The man who gives away a third of his income

Would you give up a luxury to save a life?

Toby Ord has been giving away a third of his income for quite some time. A 33 year old academic at Oxford, he allows himself £18,000 a year, and donates the rest to charity.

"I’d always been idealistic about helping others", he says. "People would say “if you think that why don’t you give all your money to people in poor countries?" I think this was meant to make me shut up."

Instead he started giving away a large sum each year, and in the process set up a campaign - Giving What We Can - to encourage others to give away at least 10 per cent of their earnings.

Ord's subject is philosophy, and he came to the decision in a philosophical way. "I was writing on the subject of luxuries, and I came across the question of whether we should forgo a luxury if it would save a life. I realised this decision happens in our lives all the time."

"I was reading [the philosophers] Peter Singer and Thomas Pogge. The two of them think furiously about the problems of the world today. They both took their ideas very seriously and gave away a large proportion of their incomes. I decided I was going to make a commitment to give money to poor people."

To his surprise, people soon contacted him to see if they could do the same thing - and Giving What We Can was born.

"I'm not a natural leader for such an organisation", Ord says, describing himself as "more of a theoretician". But he has a very clear vision for the project.

"For me it [giving away a large percentage of income] doesn’t seem too odd. We literally have a choice to save hundreds of lives."

Yes, but giving money to charity never seems quite as straightforward as that. Can we ever be sure that what we give is really saving a life?

He agrees that would be more motivational if there was a "clear line of operation", and that the path from your wallet to saving someone's life can sometimes look "messy". "But if your money goes on, say, 200 mosquito nets in a malarial area there is no question. You will save a life."

What about the horror stories, the charity money that never makes it, the corrupt organisations that divert aid to their own ends?

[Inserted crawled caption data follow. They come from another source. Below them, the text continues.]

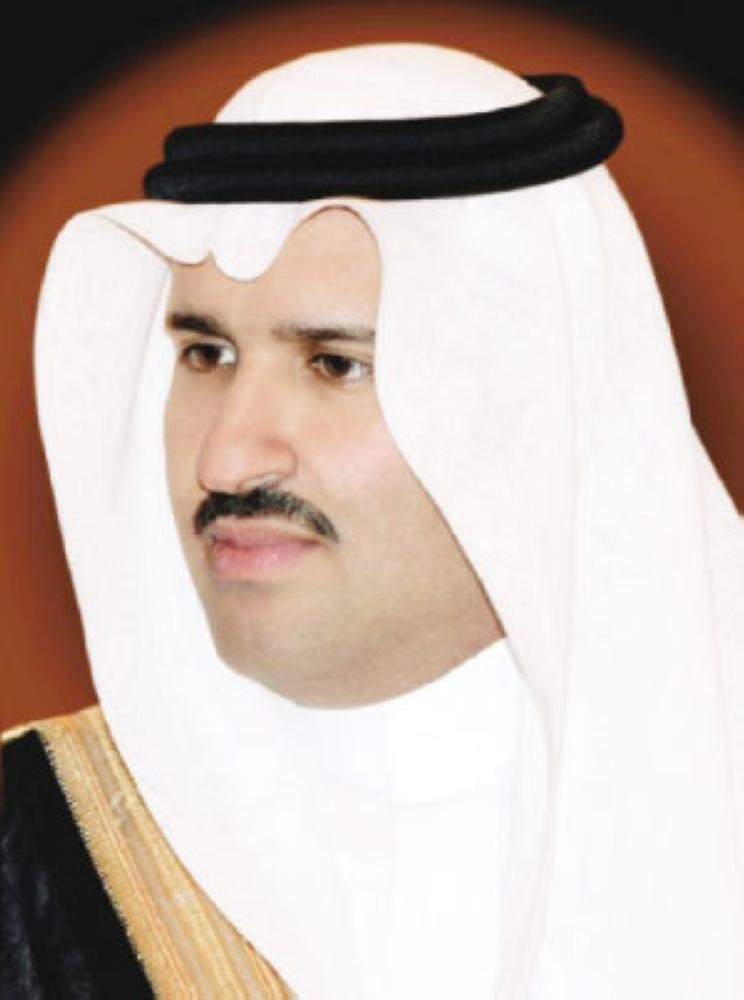 أمير المدينة يوجه بإعادة 47 مواطنة للعمل 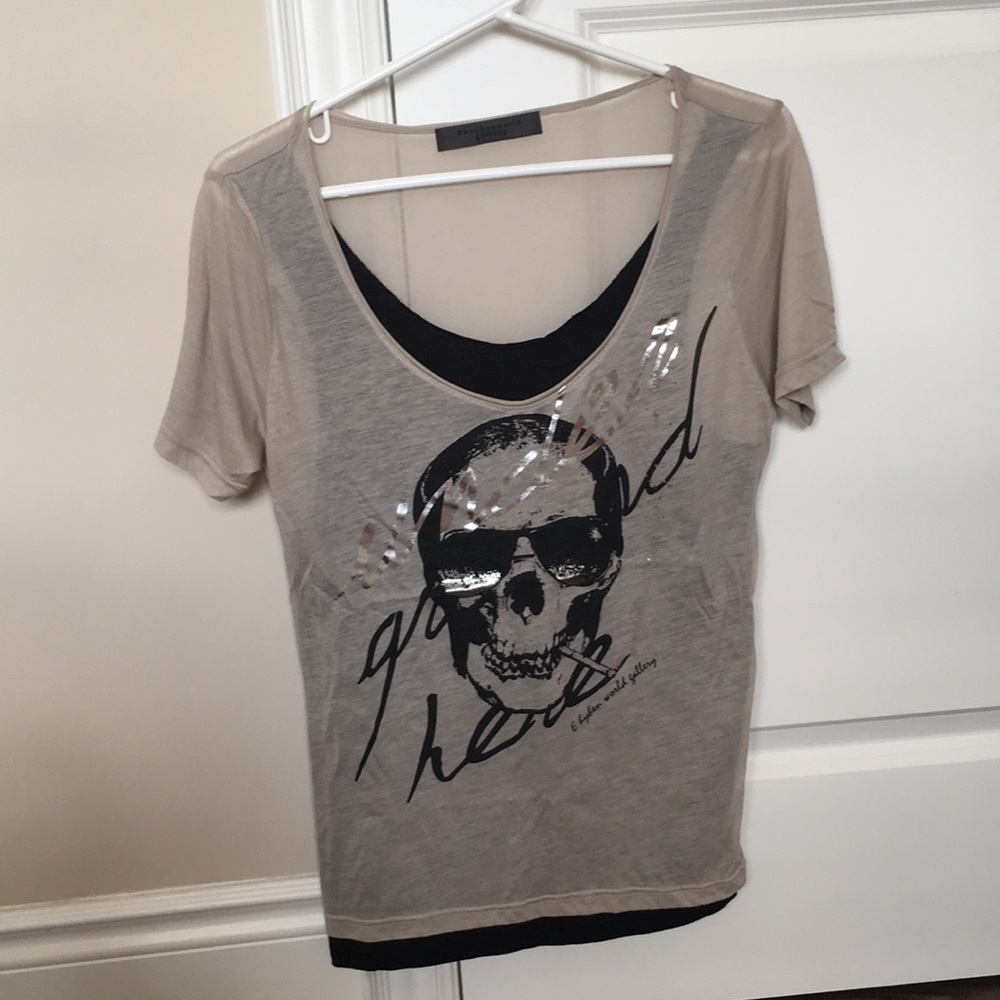 Thin T shirt with skull head front, size M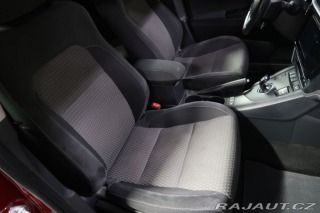 Toyota Auris 1.8Hybrid,CZ,1Maj,Selecti 1800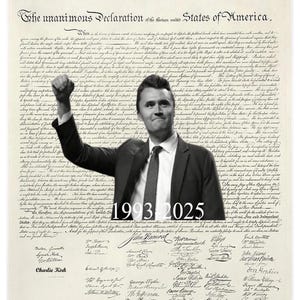 Op de afbeelding: Een poster met de Onafhankelijkheidsverklaring en een man eroverheen. De tekst luidt "IN CONGRESS, JULY 4, 1776" en "The unanimous Declaration of the thirteen united States of America." De jaren "1993-2025" zijn over elkaar geplaatst.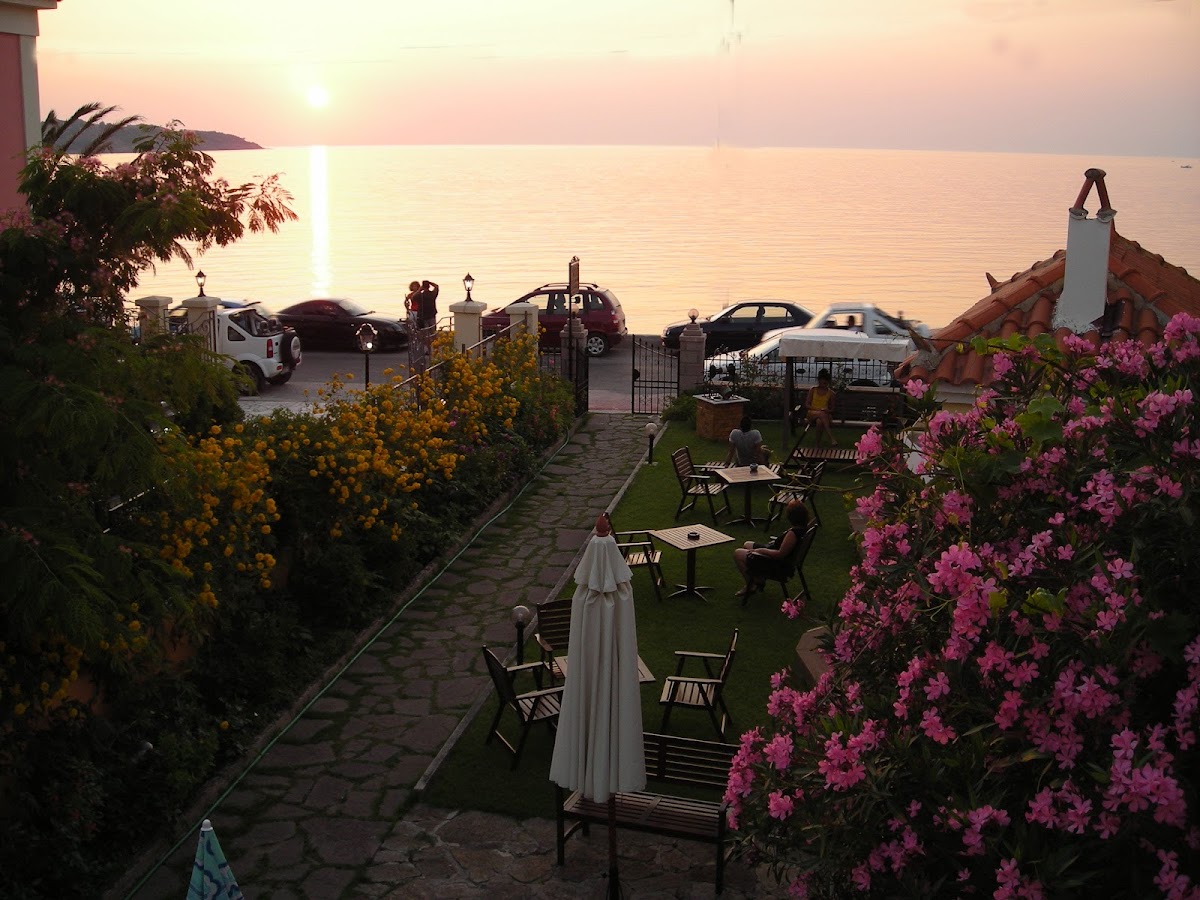 Lesvos — Niki Studios Sea Front — galeri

"There are lots of rather garbled stories about problems with aid. These are bit stupid. The whole of the world is paying billions of dollars in aid, and people point to one or two things that go wrong. It is quite easy to find these problems which then act as excuses for not giving", he says.

"There is a perfect storm of excuses for forgetting about charities."

He admits that some charities are more effective than others, though.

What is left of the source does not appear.